After Hours: Evoking Emotion

Cheryl Stevens creates presentations to share memories

Cheryl Stevens has always looked for ways to store, display and share memories.

Instead of simply putting her photos in an album, Stevens, office support assistant in the Office of Academic Programs, started to build scrapbooks and placemats for her four children as a unique way to capture the past. That hobby has turned into an opportunity to create slideshow presentations, with a musical component, for friends and family.

“This all started years ago when I was trying to find ways to store my photos where I would actually look at them,” Stevens said. “In the past, we would just put the photos in an album. Once the album was filled we put it on a shelf and wouldn’t look at it again. With the placemats, we could put them out and see them at any time. Seeing those pictures would spark so many memories. Also, when we had people over, those placemats were great conversation starters.”

Stevens’ scrapbooking and placemat creations were not only for her children – she created memories for family members as well. As technology started to evolve, Stevens’ way to share her memories evolved. With the help of a slideshow, PowerPoint-like program, ProShow Gold, she started to combine her photos with music, creating presentations to recount memories.

An example of some of Stevens' scrapbook and placemat creations.An example of some of Stevens’ scrapbook and placemat creations.

“I really got into this about 16 years ago and it’s just kind of grown from there,” Stevens said. “It’s a lot of fun to combine those most meaningful photos with a song that evokes a number of memories.”

Stevens said the most difficult part of creating a presentation is gathering the correct photos. While people generally have hundreds of photos to dig through, a one-song presentation only needs about 25 photos.

“You really have to decide how you want to format the presentation,” Stevens said. “You have so many pictures – do you want to focus on one area of life or make it more of a timeline? That’s the toughest part.”

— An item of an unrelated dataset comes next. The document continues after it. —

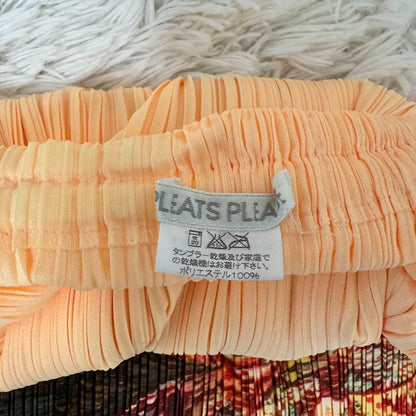 PLEATS PLEASE ISSEY MIYAKE Carnation flower long skirt, size 2 , VGC RARE Japan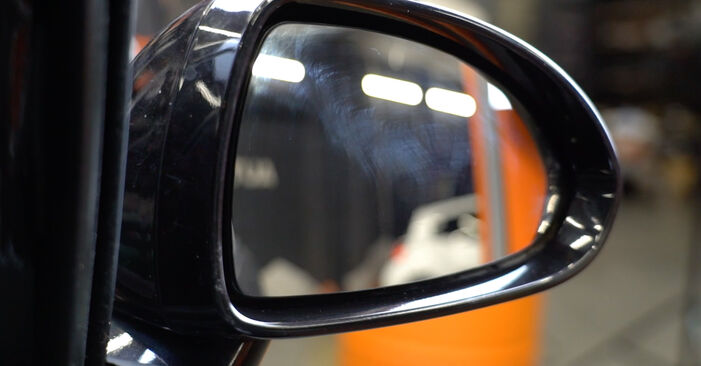 Corsa E Van (X15) 1.2 (08) 2014 Sklo Spätného Zrkadla svojpomocná výmena vďaka návodu z našej dielne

Stevens’ first presentations were for her children. She then created shows for her parents’ and grandparents’ anniversaries. Stevens made numerous presentations to celebrate her dad’s life, as well as several others.

Stevens’ longest presentation was for her sister’s husband, a retired fire chief. She used four songs for the presentation – the biggest one she has created.

“It’s all about capturing those special moments,” Stevens said. “It can be tough because it’s someone else’s memories. What if you cut a photo that has special significance for them? Still, it’s a lot of fun.”

One of the most meaningful presentations Stevens has put together was for a group of exchange students from France. Stevens served as an interim study abroad officer for the group, developing a lasting friendship with each of the students. She not only built a presentation to showcase their time together, she put together two large scrapbooks.

“I picked the song ‘For Good’ from the musical Wicked for the presentation,” Stevens said. “It was a great song that really fit our relationship. It was definitely emotional watching that presentation with them. I guess I’m a little sappy.”

Stevens most recently did presentations for two coworkers’ retirements – CeCe Leslie and Jan Russell.

“There have been a handful of really fun opportunities to bring my hobby to work and make these presentations for friends,” Stevens said. “These presentations are incredibly time-consuming to make – but they have been worth it after seeing everyone watch them.”

Stevens tries to end the presentations with fun, upbeat memories. She saves the more emotional memories for the middle of the show.

“I’m one of those people who hears a song and it automatically sparks a memory,” Stevens said. “That’s why I love this program – you can set all of your pictures to music.

“Sometimes I’ll hear a song that I used in a presentation and all of the pictures come flooding back. Music is powerful. Music matched with the pictures – it evokes a lot of emotion.”